Pour le 3 mai 2022, il s’agit agi de la situation de la presse avec le numérique. Au Tchad, nous sommes confrontés à une situation singulière. Nos lecteurs ont vidé les kiosques au profit des réseaux sociaux. Le défi pour nous, consiste à saisir les possibilités qu’offre l’ère numérique pour résister mais, cela n’est pas facile. Il va donc dans l’intérêt du pouvoir central d’aider la presse à relever ce défi ; si non, les réseaux sociaux, à cause de leur liberté de ton, vont contribuer à la formation d’une nouvelle conscience dominée par les discours de haine et la désinformation.
Si nous voulons faire du Tchad, un Etat de droit, la HAMA et le pouvoir central doivent faire des médias leurs collaborateurs pour l’instauration d’une presse plurielle, libre et vraiment indépendante. Cela est possible. A la seule condition de ne pas regarder l’homme, le journaliste qui travaille (discrimination, haine, mépris, népotisme), MAIS, il faut se pencher sur le travail qui se fait : quel média écrit ou dit quoi pour l’intérêt commun ?
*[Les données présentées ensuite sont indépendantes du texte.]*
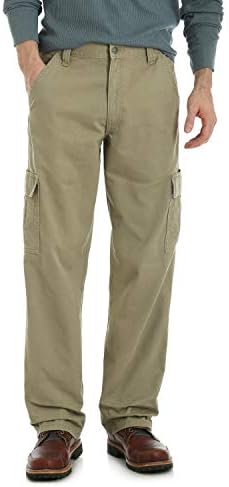 Wrangler Authentics Mens Twill Cargo Pant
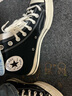 匡威（Converse） 1970s 男女鞋經(jīng)典日常高幫舒適百搭復(fù)古休閑帆布鞋 162050C CHUCK 70黑色 42.5 曬單實(shí)拍圖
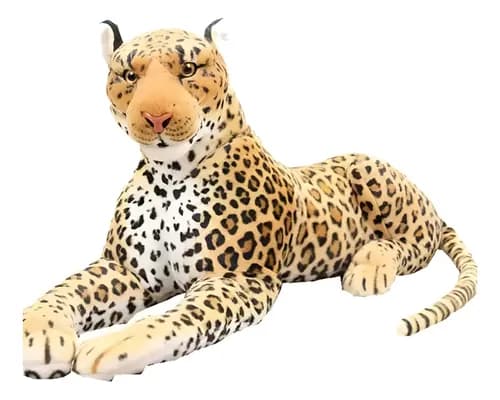 Peluche De Leopardo 80 Cm Animales Kawaii Leopardo
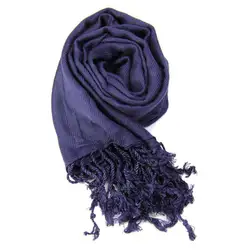 Мягкие Для женщин шеи шарф плотная пашмины платок хиджаб Обёрточная бумага вискоза украл Цвета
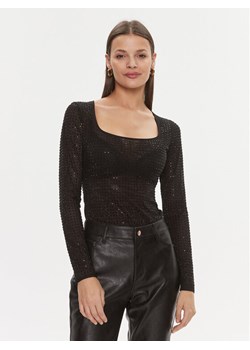 Guess Body Karolina O4RM06 KBZX0 Czarny Slim Fit ze sklepu MODIVO w kategorii Bluzki damskie - zdjęcie 181089384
Il faut savoir saisir l’ère du numérique pour encourager chacun à faire et à bien faire son travail. Et ne pas oublier que « l’émergence des plates-formes en ligne soulève la question de la viabilité économique des médias indépendants et pluralistes, et bouscule les chaînes de valeur et les modèles économiques existants ».


Cette journée est une occasion pour féliciter et encourager les promoteurs des médias privés qui s’efforcent encore à être présent dans les kiosques malgré cet environnement de précarité et les obstacles liés à la diffusion des informations.
Bonne fête à tous.


Déli Sainzoumi Nestor, promoteur et Directeur des éditions du journal Eclairages.